É o primeiro longa-metragem de Gabriela, que já dirigiu curtas como "Uma primavera" (2011) e "A mão que afaga" (2012), além de ter assinado o roteiro do terror "Quando eu era vivo" (2014), de Marco Dutra. A cineasta mostra uma interessante noção de autoria e prazer no gênero horror e suspense. "Acho que todo filme de horror, terror ou filmes de medo, que lidam com essas angústias, trabalham com a noção de morte, quase como uma maneira de encarar a vida filosoficamente", opina a diretora.
"Nos filmes de horror, a morte é sempre uma questão central, seja porque você teme que o protagonista morra, seja porque você esteja falando diretamente desse assunto. E ao falar de morte com esse peso, você acaba se relacionando com a vida de forma mais rica, mais vívida. Ao contrário do que muita gente acha, acredito que os autores de horror têm um apreço e uma admiração muito grande pela vida. Porque tematizam justamente o fim dela", sugere.
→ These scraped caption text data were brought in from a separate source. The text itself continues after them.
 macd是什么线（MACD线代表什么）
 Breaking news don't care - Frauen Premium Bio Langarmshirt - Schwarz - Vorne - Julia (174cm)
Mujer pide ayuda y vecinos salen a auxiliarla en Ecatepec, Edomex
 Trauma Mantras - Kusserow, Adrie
A força do filme está fundamentalmente na atuação. "Tive a fortuna de trabalhar com a doação de todos os atores. Esse é um filme de elenco, o elenco é um personagem vivo, então é importante dar ao ator a possibilidade de construir. Cada um é uma ilha de complexidade. A filmagem é o momento em que esses personagens se chocam e criam a ilusão de profundidade", explica.
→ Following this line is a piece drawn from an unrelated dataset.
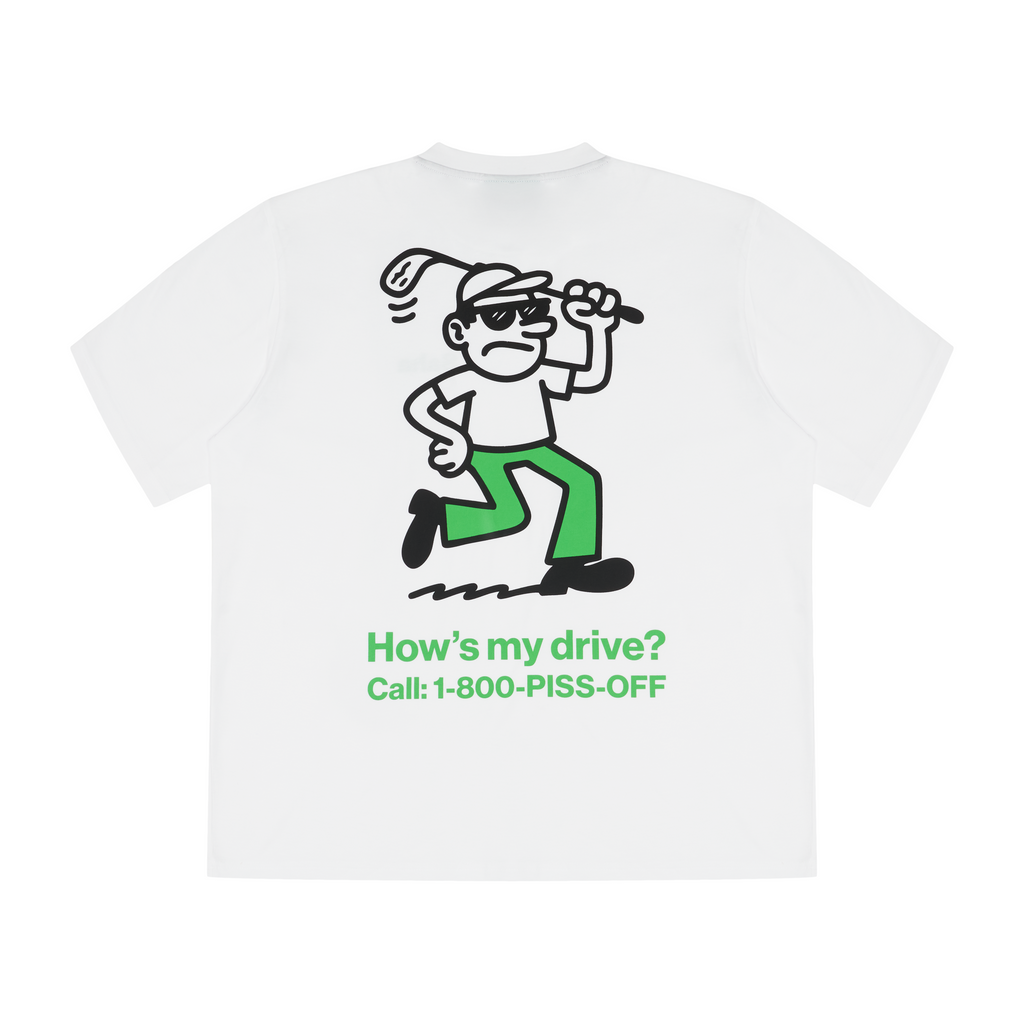 How's My Drive Tee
O gênero horror está atrelado a um roteiro que subverte expectativas, criando personagens que no momento de desespero e morte parecem revelar seus medos obscuros e desejos secretos. "Tive quatro meses para escrever o roteiro. É pouco tempo. Mas foi um trabalho concentrado", diz Gabriela. "As viradas são os momentos mais importantes da dramaturgia. Nenhum personagem pode estar numa jornada dramatúrgica à toa. Todo personagem tem uma função dramática", ressalta.